The thing that separates your creative self from your procrastinating self is often called ‘inspiration’. Without inspiration, life is both boring and somehow incredibly stressful.
I once had this landlady. Formerly a famous artist, she now consumed a bottle of JD every night, enjoyed racist conversation and often tried to murder me by leaving the gas on. She also had some pretty strange books, one of which was ‘The Secret History of the World: As Laid Down by the Secret Societies’ by Jonathan Black. I referred to it simply as ‘the magic book’. In the magic book it says:
‘The reality of everyday experience is that thoughts are quite routinely introduced into what we like to think of as our private mental space from somewhere else.’The author goes on to explain that ‘somewhere else’ are ‘Thought-Beings’, before telling us that there were two Jesuses, mythical Greek heroes existed in the flesh and that there are people out there who can walk through walls. Naturally, I believed all of it.

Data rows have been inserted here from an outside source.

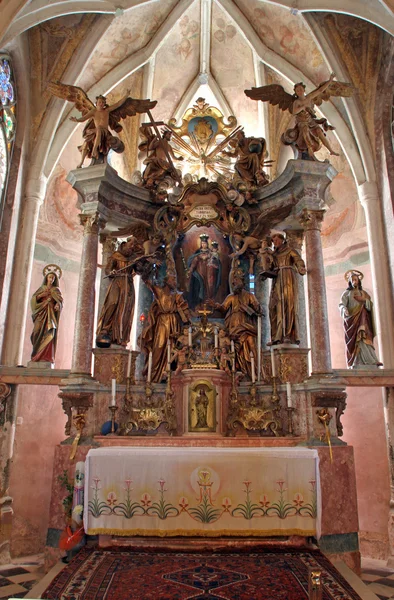 L'altare maggiore nella Chiesa della Beata Vergine Maria - Taborsko, Croazia — Foto Stock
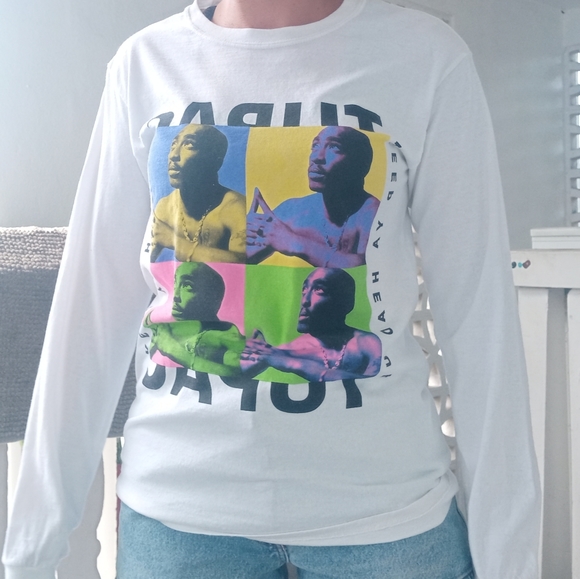 Tupac - Picture 2 of 2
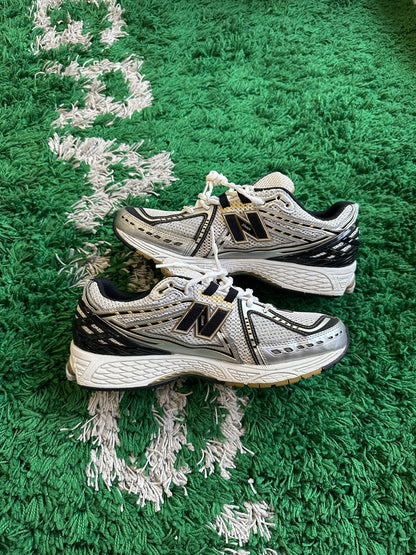 New Balance 1906R “Black White Gold”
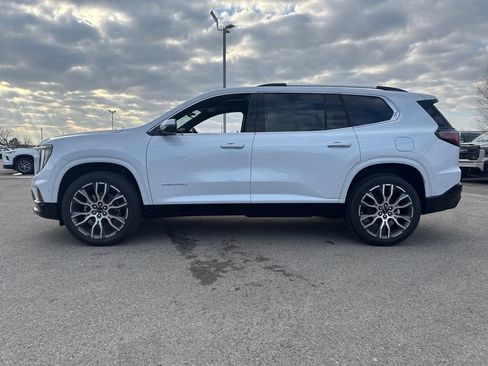 New 2026 GMC Acadia Denali Ultimate w/ LPO, Floor Liner Package image 3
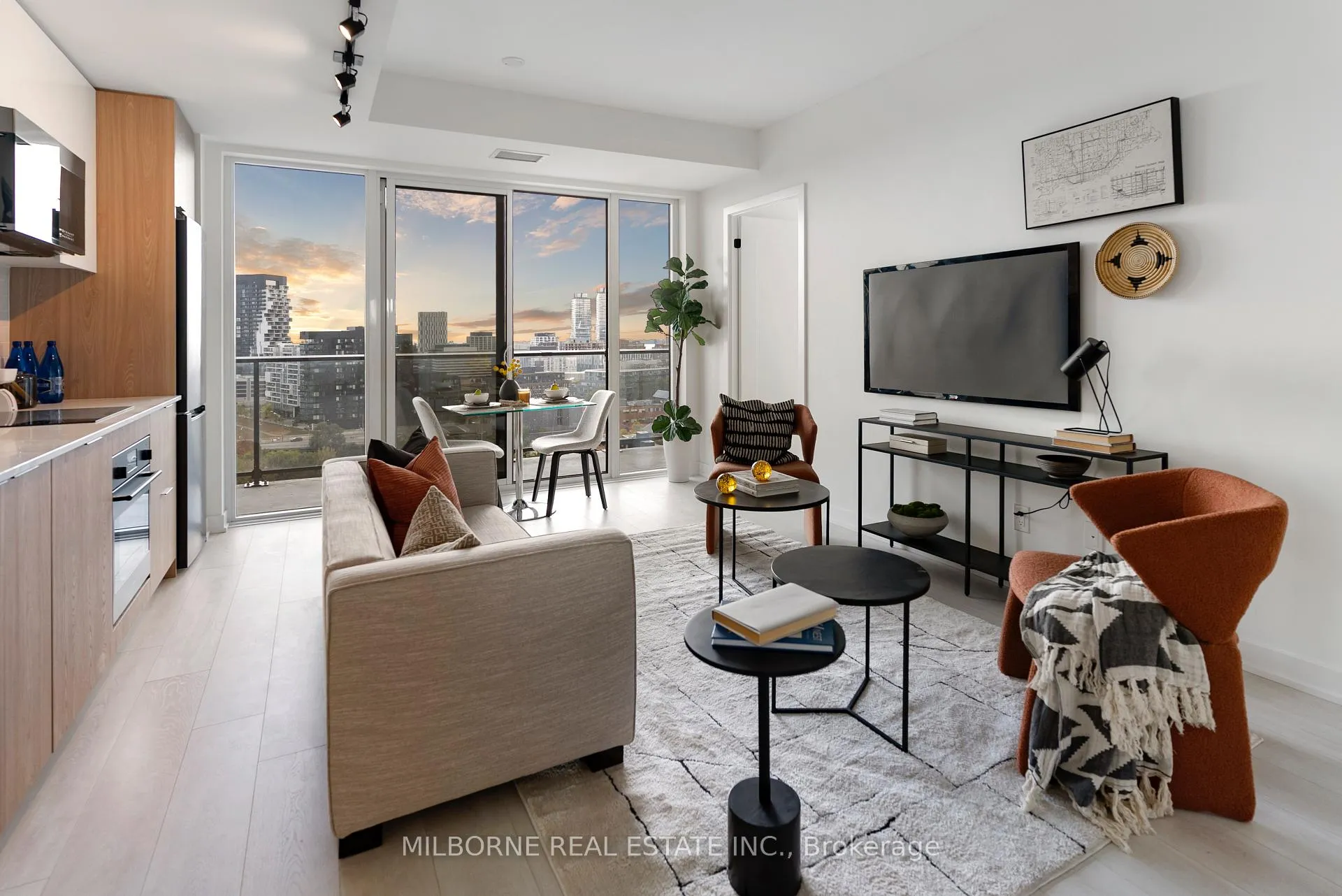 Photo 4 of Unit 1805, 5 Defries Street, Toronto, Regent Park — HOMEH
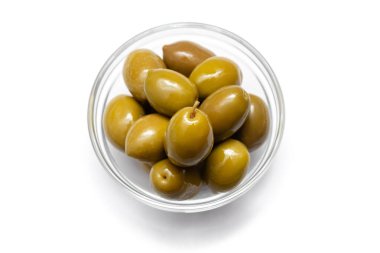 Beyaz arkaplanda yeşil zeytin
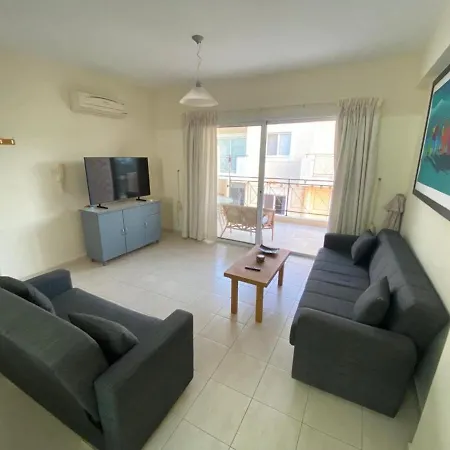 Appartement Poolside Escape - *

But here I’m going to start from the opposite premise, that ‘inspiration’ is not an abstract concept or a manifestation of the ~divine~. Let’s say ‘inspiration’ is actually ‘imagination’. When it’s not there, you can’t write, because you have nothing to say. When it’s there, whooosh.
Let’s even say that it can be induced, and instead of reading, you could now be writing. Here’s a way.
Yogurt: “Use the Schwartz, Lone Starr! Use the Schwartz!”
Lone Starr: “I can't - I lost the ring!”
Yogurt: “Forget the ring! The ring is bupkis! I found it in a Cracker Jack box!”
What if The Force, or creativity, is within you?
You can do spontaneous roleplay while you’re doing mundane domestic tasks. My partner and I play as we cook – we turn into Monsieur Jim, the French chef, and Edvardo the kitchen boy. You can also make up stories about people you see, or have weird sex. Creative one-person activities would include building a tent in the living room and holding a one-man festival, drawing your friends as mythical beasts or spying on your neighbours with meticulous notes (that last one could get you arrested).
If this sounds deranged to your tastes, you can simply dedicate time to creative activity on a daily basis. The key is that it has to be undemanding. The aim is to train your imagination, not to put you under pressure to produce.
It doesn’t matter how you do it, if you get used to living in an imaginative way, it’s easier to summon your imagination when it comes to writing.
From then on, you can get your 50 Writing Tips from Famous Writers and actually find it usable. What does Hemingway want you to do again? Wake up at 4am, write for six hours, then walk on hot coals barefoot and do another six? You might just be able to pull it off.
And if not, this is only one way to El Dorado. If you don’t get there, you might at least get lost in the right direction.